[Items from a dataset]
····················
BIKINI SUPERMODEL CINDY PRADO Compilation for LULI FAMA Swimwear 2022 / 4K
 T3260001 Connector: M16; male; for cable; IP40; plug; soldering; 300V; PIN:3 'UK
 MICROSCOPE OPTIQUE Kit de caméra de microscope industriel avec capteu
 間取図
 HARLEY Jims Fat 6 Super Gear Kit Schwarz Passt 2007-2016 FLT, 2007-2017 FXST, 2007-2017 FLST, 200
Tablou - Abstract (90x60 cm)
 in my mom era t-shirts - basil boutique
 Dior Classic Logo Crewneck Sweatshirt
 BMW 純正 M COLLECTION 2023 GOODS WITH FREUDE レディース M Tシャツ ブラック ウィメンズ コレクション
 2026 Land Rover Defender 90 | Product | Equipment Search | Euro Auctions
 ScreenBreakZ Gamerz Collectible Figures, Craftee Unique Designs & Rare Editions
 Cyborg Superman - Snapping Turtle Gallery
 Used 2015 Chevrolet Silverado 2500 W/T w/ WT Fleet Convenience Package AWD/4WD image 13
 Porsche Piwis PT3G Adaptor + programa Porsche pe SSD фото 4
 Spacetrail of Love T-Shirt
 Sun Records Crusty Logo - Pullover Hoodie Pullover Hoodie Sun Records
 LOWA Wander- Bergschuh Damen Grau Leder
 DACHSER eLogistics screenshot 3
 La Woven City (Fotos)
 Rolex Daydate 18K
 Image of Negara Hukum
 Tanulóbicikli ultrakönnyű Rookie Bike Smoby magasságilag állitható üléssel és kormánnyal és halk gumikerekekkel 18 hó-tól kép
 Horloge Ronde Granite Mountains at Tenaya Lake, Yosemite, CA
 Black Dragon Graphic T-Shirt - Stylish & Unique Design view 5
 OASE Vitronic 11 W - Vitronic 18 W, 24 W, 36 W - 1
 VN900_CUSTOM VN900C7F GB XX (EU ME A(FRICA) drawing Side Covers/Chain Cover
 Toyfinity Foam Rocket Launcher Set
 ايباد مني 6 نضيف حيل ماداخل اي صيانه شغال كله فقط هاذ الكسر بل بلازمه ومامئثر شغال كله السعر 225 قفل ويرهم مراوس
····················
# [Problem to work on]
Give all the records again. Match them exactly.

# [Answer box]
BIKINI SUPERMODEL CINDY PRADO Compilation for LULI FAMA Swimwear 2022 / 4K
 T3260001 Connector: M16; male; for cable; IP40; plug; soldering; 300V; PIN:3 'UK
 MICROSCOPE OPTIQUE Kit de caméra de microscope industriel avec capteu
 間取図
 HARLEY Jims Fat 6 Super Gear Kit Schwarz Passt 2007-2016 FLT, 2007-2017 FXST, 2007-2017 FLST, 200
Tablou - Abstract (90x60 cm)
 in my mom era t-shirts - basil boutique
 Dior Classic Logo Crewneck Sweatshirt
 BMW 純正 M COLLECTION 2023 GOODS WITH FREUDE レディース M Tシャツ ブラック ウィメンズ コレクション
 2026 Land Rover Defender 90 | Product | Equipment Search | Euro Auctions
 ScreenBreakZ Gamerz Collectible Figures, Craftee Unique Designs & Rare Editions
 Cyborg Superman - Snapping Turtle Gallery
 Used 2015 Chevrolet Silverado 2500 W/T w/ WT Fleet Convenience Package AWD/4WD image 13
 Porsche Piwis PT3G Adaptor + programa Porsche pe SSD фото 4
 Spacetrail of Love T-Shirt
 Sun Records Crusty Logo - Pullover Hoodie Pullover Hoodie Sun Records
 LOWA Wander- Bergschuh Damen Grau Leder
 DACHSER eLogistics screenshot 3
 La Woven City (Fotos)
 Rolex Daydate 18K
 Image of Negara Hukum
 Tanulóbicikli ultrakönnyű Rookie Bike Smoby magasságilag állitható üléssel és kormánnyal és halk gumikerekekkel 18 hó-tól kép
 Horloge Ronde Granite Mountains at Tenaya Lake, Yosemite, CA
 Black Dragon Graphic T-Shirt - Stylish & Unique Design view 5
 OASE Vitronic 11 W - Vitronic 18 W, 24 W, 36 W - 1
 VN900_CUSTOM VN900C7F GB XX (EU ME A(FRICA) drawing Side Covers/Chain Cover
 Toyfinity Foam Rocket Launcher Set
 ايباد مني 6 نضيف حيل ماداخل اي صيانه شغال كله فقط هاذ الكسر بل بلازمه ومامئثر شغال كله السعر 225 قفل ويرهم مراوس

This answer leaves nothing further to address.